[TASK PROMPT]:
With pictures excluded, copy word for word the lines in the data below from the line containing "Umarex Walther PPQ" through the line containing "The next step".

[DATA LISTING]:
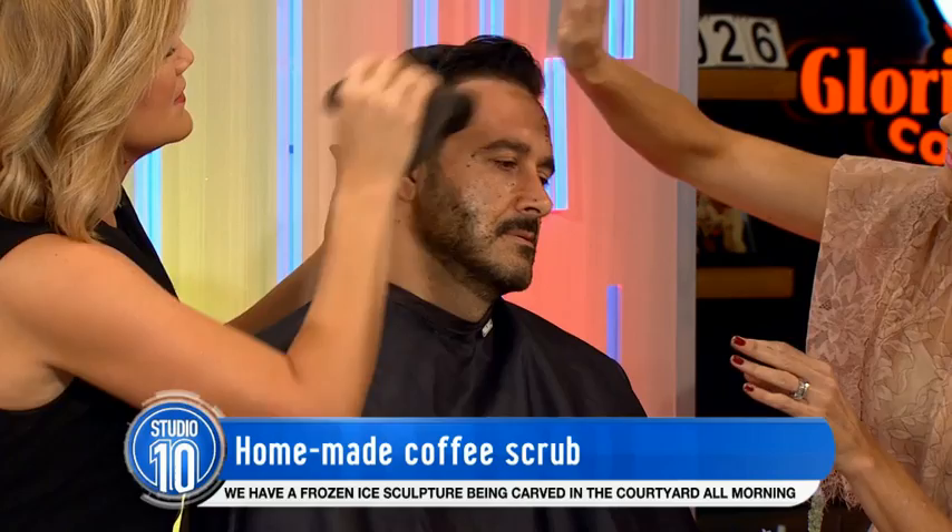Now, Rebecca's book, The Art of the Natural Home: A Room-by-Room Guide, is out now. It is a gorgeous book. Rebecca Sullivan, thank you so much for joining us. Thank you so much for having me, ladies.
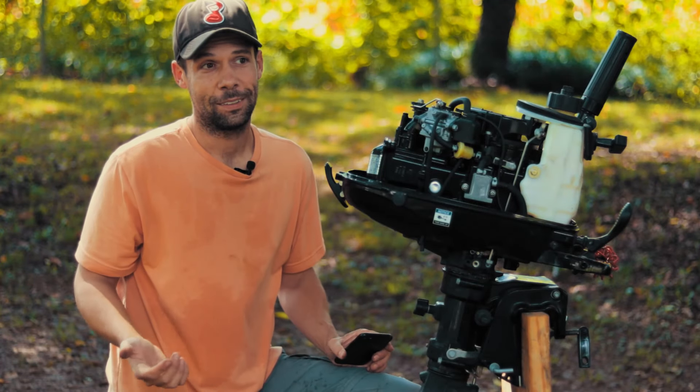Flooded outboards suck — they literally suck in too much gas and stop working. I'm going to take this carb off this motor and tear it apart so you can see all the mechanisms that control gas flow and what to look for if you're having flooding issues.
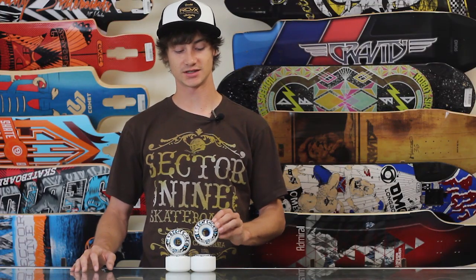So if you want a good, predictable, long-lasting wheel that's going to break traction easily and be very predictable in and out of the slide, check out the Sector 9 Slick Shoes on tactics.com.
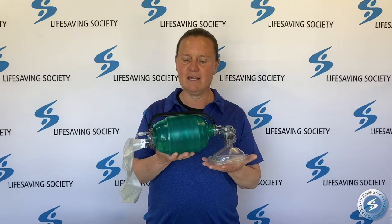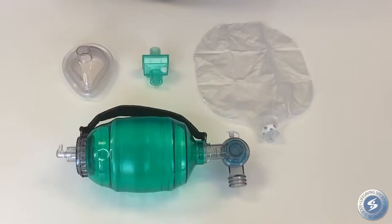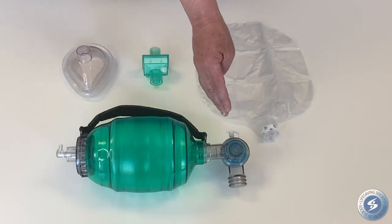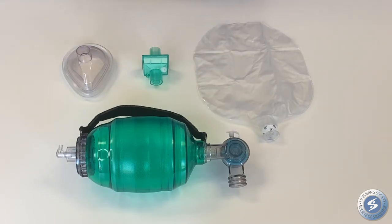This is a bag valve mask. It's a handheld ventilation device used on victims that are not breathing effectively. There are three main components: a self-inflating bag, a one-way valve which allows air to move from the bag to the victim, and a mask which forms a seal around the victim's mouth and nose.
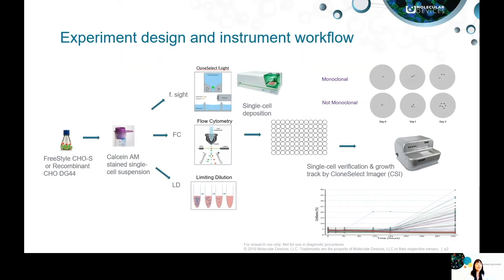As we know, the regulations for cell line development have become more stringent, and researchers are required to perform single-cell cloning and provide proof of clonality. In this study, we conducted six sets of experiments to demonstrate a combined workflow for this process and compare the performance of different cloning methods employed.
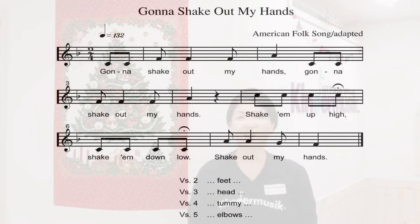Gonna shake out my hands, gonna shake out my hands. Shake 'em up high, shake 'em down low, shake out my hands.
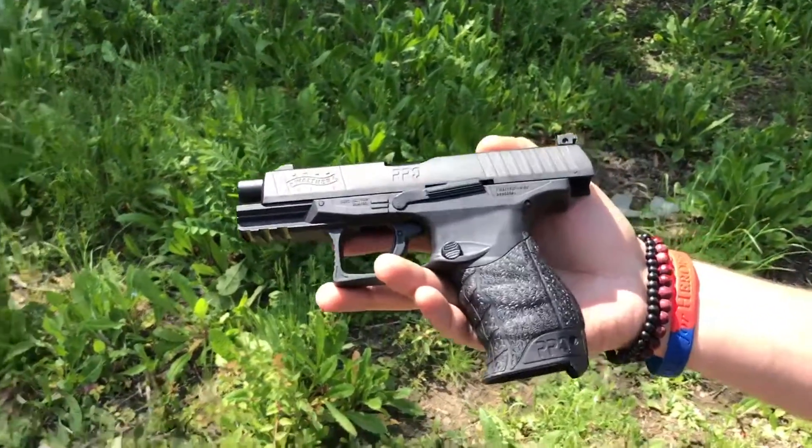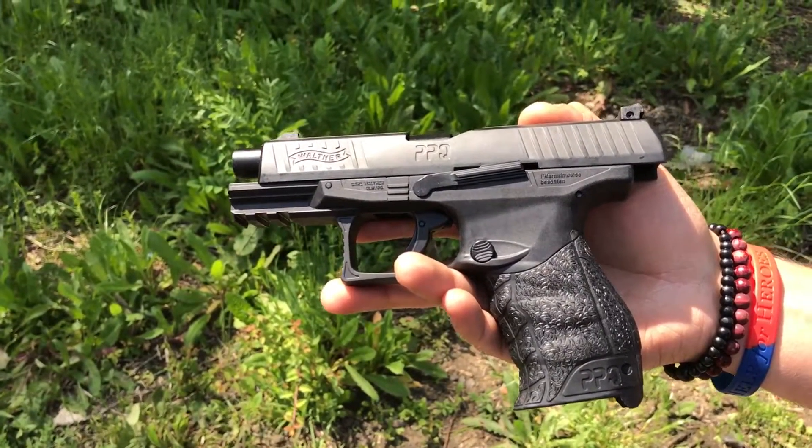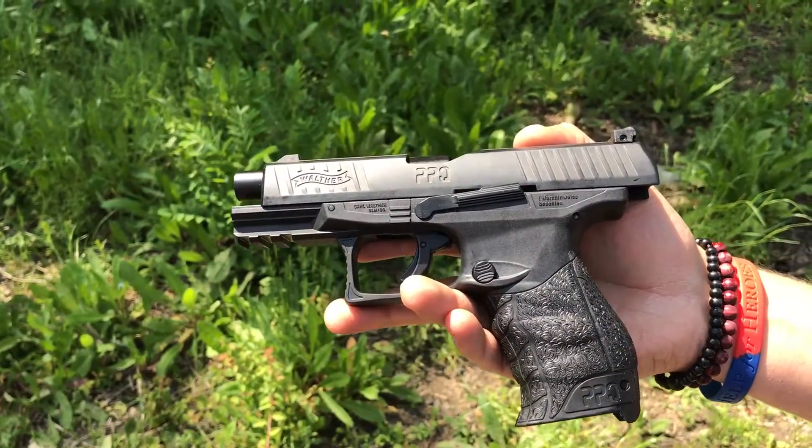Umarex Walther PPQ M2, .43 cal — powder balls, paint balls, rubber balls, pepper balls, whatever balls you want.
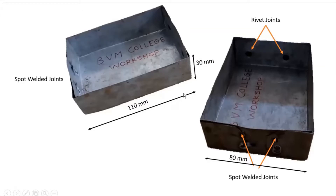Since the length of the object is 110 mm and height is 30 mm on both sides, the total length required is 110 + 30 + 30 = 170 mm. Similarly, the total width is 80 + 30 + 30 = 140 mm. So the final sheet dimension required is 170 mm by 140 mm. We will select a slightly larger sheet of 180 by 150 mm and remove the excess material to get the exact dimension.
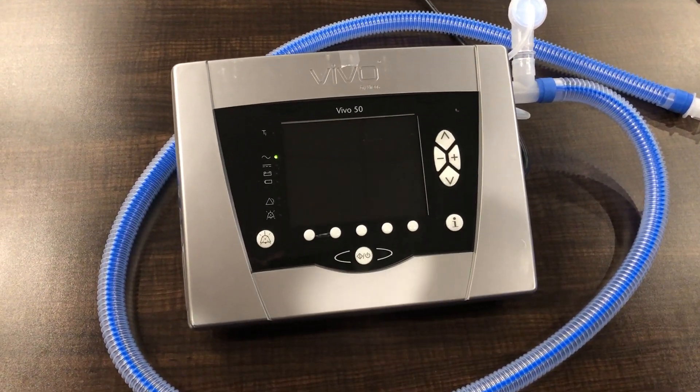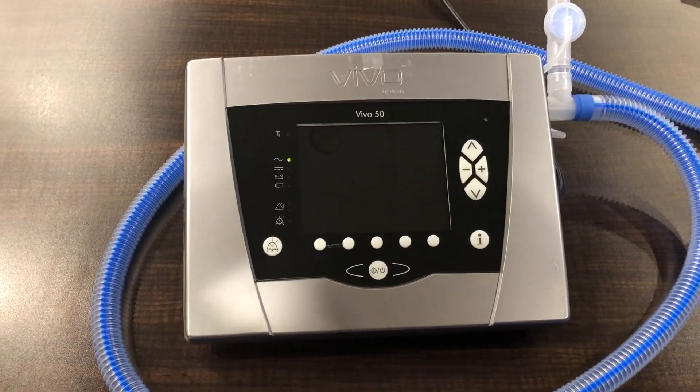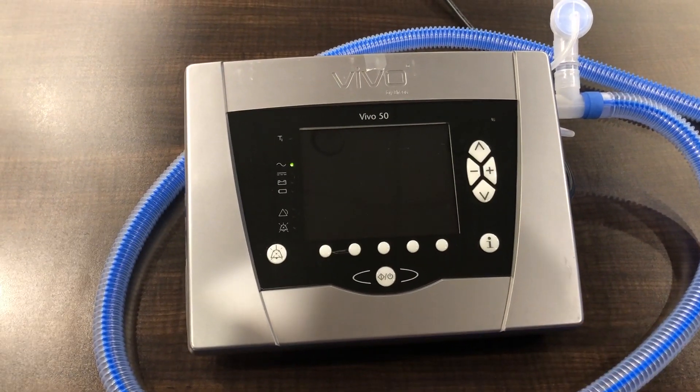This is Jerome Cambry with ViMed. Today we want to show you how to perform inverse ratio ventilation on the Vivo 50.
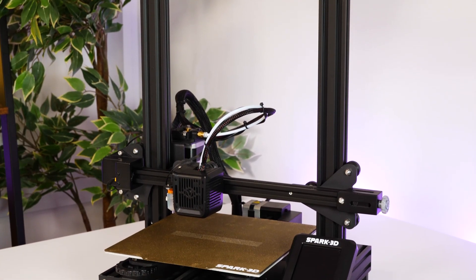So what are your thoughts on this 3D printer? Let us know in the comments below, and if you did like this video don't forget to like and subscribe to Boxer's YouTube channel, where we have plenty of hands-on reviews on the latest tech.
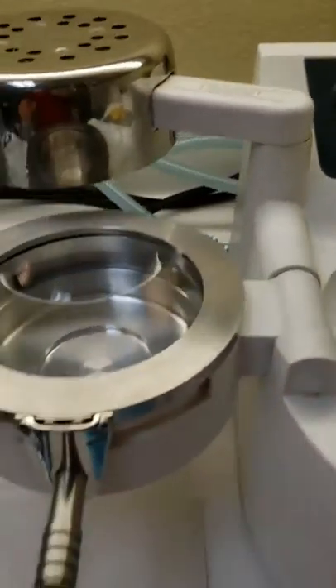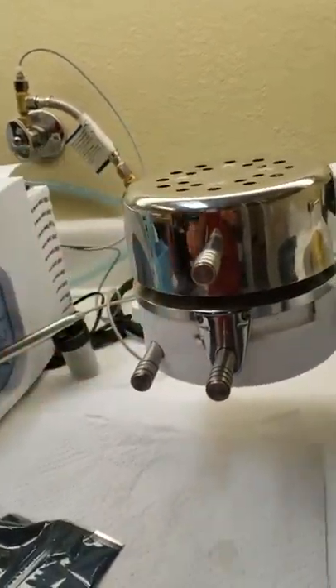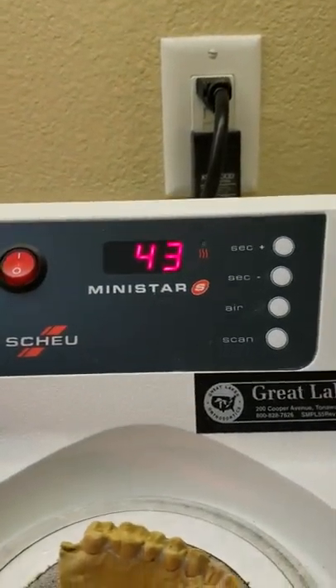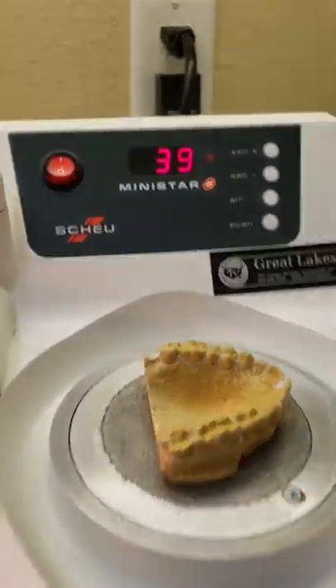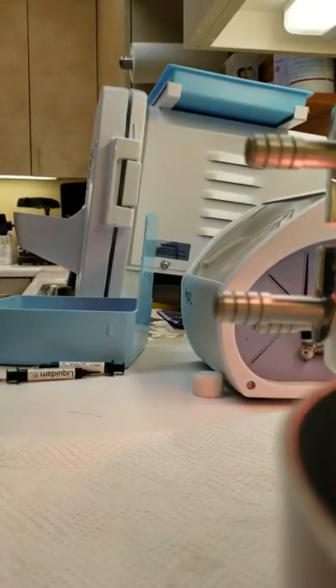The next step is to move the heater — lined up with where the Essex material is so it can start heating up. Once you do that, the timer automatically starts counting down. While that's counting down, come back over and make sure the material bag is sealed all the way.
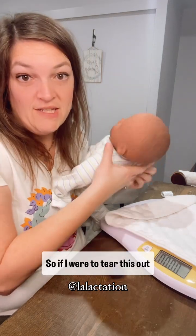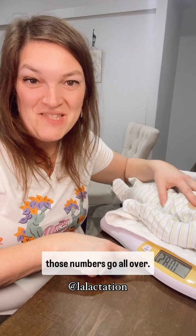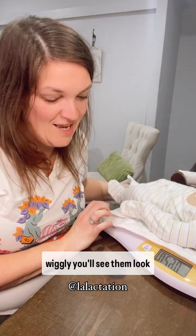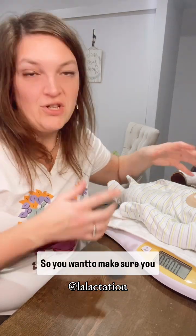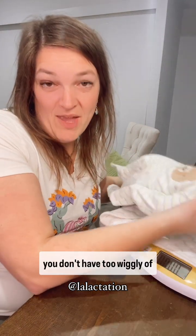So if I were to tare this out and mom is going shh shh, you'll see those numbers go all over. If the table is wiggly, you'll see them move — it's registering at 620. So you want to make sure you have a stable table, that the scale isn't wiggly and that you don't have too wiggly of a baby.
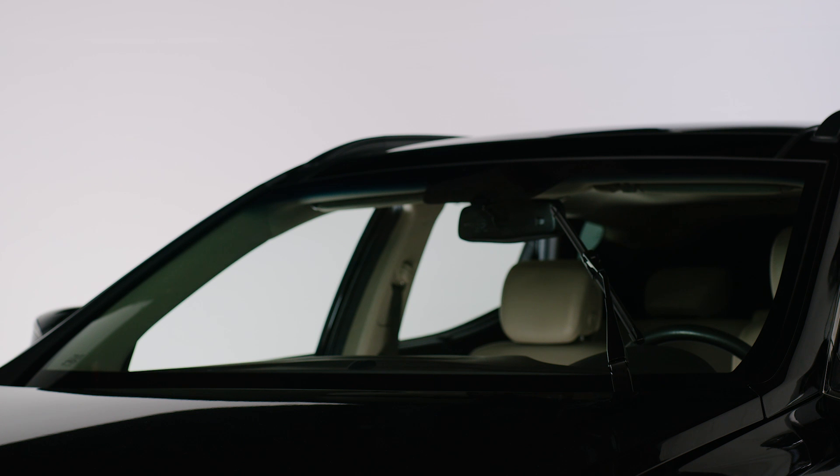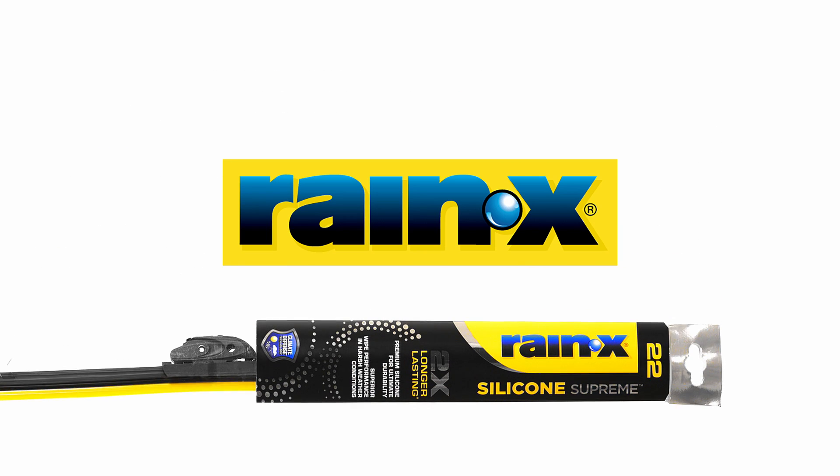Installation is complete. You are now ready to outsmart the elements with Raynex Silicone Supreme.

[EXERCISE SOLUTION]:
Umarex Walther PPQ M2, .43 cal — powder balls, paint balls, rubber balls, pepper balls, whatever balls you want.
Since the length of the object is 110 mm and height is 30 mm on both sides, the total length required is 110 + 30 + 30 = 170 mm. Similarly, the total width is 80 + 30 + 30 = 140 mm. So the final sheet dimension required is 170 mm by 140 mm. We will select a slightly larger sheet of 180 by 150 mm and remove the excess material to get the exact dimension.
This is Jerome Cambry with ViMed. Today we want to show you how to perform inverse ratio ventilation on the Vivo 50.
So what are your thoughts on this 3D printer? Let us know in the comments below, and if you did like this video don't forget to like and subscribe to Boxer's YouTube channel, where we have plenty of hands-on reviews on the latest tech.
The next step is to move the heater — lined up with where the Essex material is so it can start heating up. Once you do that, the timer automatically starts counting down. While that's counting down, come back over and make sure the material bag is sealed all the way.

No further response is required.